Bonnaroo. South by Southwest. Austin City Limits. Lollapalooza. Nearly every major US music festival outside Coachella runs its ticketing through a single vendor: Front Gate Tickets, a Live Nation subsidiary. This week, a security researcher described what he found when he looked closely at that system. In his own words, it was "held together by duct tape and prayers."
The researcher, Ian Carroll, discovered a flaw that gave him super-administrator access to Front Gate's platform. From there, he could have issued free tickets, at any price point, for any event, sold out or not. He could have accessed customer and staff records spanning millions of accounts. No two-factor authentication stood between a compromised password and full control of the system. Carroll didn't exploit what he found. He reported it, and Front Gate patched the vulnerability within 24 hours, with no evidence it had been used before he found it.
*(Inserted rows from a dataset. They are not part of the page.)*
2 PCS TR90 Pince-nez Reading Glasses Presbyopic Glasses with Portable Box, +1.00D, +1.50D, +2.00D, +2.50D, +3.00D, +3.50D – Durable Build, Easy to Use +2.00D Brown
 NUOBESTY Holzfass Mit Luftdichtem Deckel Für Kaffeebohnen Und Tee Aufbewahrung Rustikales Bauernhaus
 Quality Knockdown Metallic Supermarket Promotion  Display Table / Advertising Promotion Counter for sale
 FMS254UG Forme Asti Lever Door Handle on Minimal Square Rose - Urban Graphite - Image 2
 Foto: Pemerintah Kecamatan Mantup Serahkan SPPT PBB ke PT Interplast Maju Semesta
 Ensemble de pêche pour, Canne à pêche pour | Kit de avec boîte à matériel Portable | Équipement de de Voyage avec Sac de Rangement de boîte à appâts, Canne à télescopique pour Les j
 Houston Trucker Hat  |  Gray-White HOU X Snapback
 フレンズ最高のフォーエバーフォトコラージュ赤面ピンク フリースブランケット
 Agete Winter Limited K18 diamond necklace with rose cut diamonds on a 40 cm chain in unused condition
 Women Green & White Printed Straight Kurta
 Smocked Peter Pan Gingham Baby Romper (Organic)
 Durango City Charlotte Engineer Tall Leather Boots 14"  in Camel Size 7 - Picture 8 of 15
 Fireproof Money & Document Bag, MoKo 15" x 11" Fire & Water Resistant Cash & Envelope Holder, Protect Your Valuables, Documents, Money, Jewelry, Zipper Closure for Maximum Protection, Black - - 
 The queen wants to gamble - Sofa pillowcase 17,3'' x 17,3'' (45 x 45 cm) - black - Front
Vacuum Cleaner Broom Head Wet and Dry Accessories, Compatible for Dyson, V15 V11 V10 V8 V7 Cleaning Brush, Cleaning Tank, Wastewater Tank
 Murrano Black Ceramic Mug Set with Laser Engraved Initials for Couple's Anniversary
That's the part of the story that gets less attention than it should.
Festivals invest heavily in the parts of the experience fans can see. The lineup, the stage design, the sponsor activations, the moment that ends up on someone's Instagram story. Far less visible, and apparently far less protected, is the infrastructure that gets a fan through the gate in the first place. Ticketing sits upstream of every other part of the fan experience, and it's often treated as a procurement decision rather than a brand one.
That distinction matters more than it used to. When one vendor underpins ticketing for an entire category of live events, a flaw in that vendor's system isn't really a Front Gate story. It's a story about every festival that outsourced this piece of its trust relationship with fans, without necessarily knowing how thin that layer of protection actually was.
Fans don't experience "the festival" and "the ticketing vendor" as separate things. They experience one relationship, and they hold the festival brand accountable for all of it, the parts on stage and the parts in the backend alike. A festival can get everything else right and still lose ground if the system issuing its tickets turns out to be the weakest point in the chain.
This is worth sitting with for anyone building or protecting a brand in live entertainment. The industry has gotten sophisticated about experiential marketing, about turning a festival weekend into a multi-day brand moment worth the spend. It has been slower to treat the systems underneath that moment with the same level of scrutiny. A five-figure activation budget means little if the platform issuing entry to it can be taken over with a leaked password and no second layer of verification.
Front Gate's response to the researcher was, by most accounts, the right one: quick acknowledgment, a fast patch, transparency about what happened. That's the outcome you want when a flaw is found. The harder question is why a vendor handling ticketing at this scale, for events charging thousands of dollars for VIP access, hadn't already closed a gap this basic.
The next real differentiator in the festival business might not be who books the best lineup. It might be who actually audited the infrastructure holding the whole thing together, before something worse than a responsible disclosure forced the issue.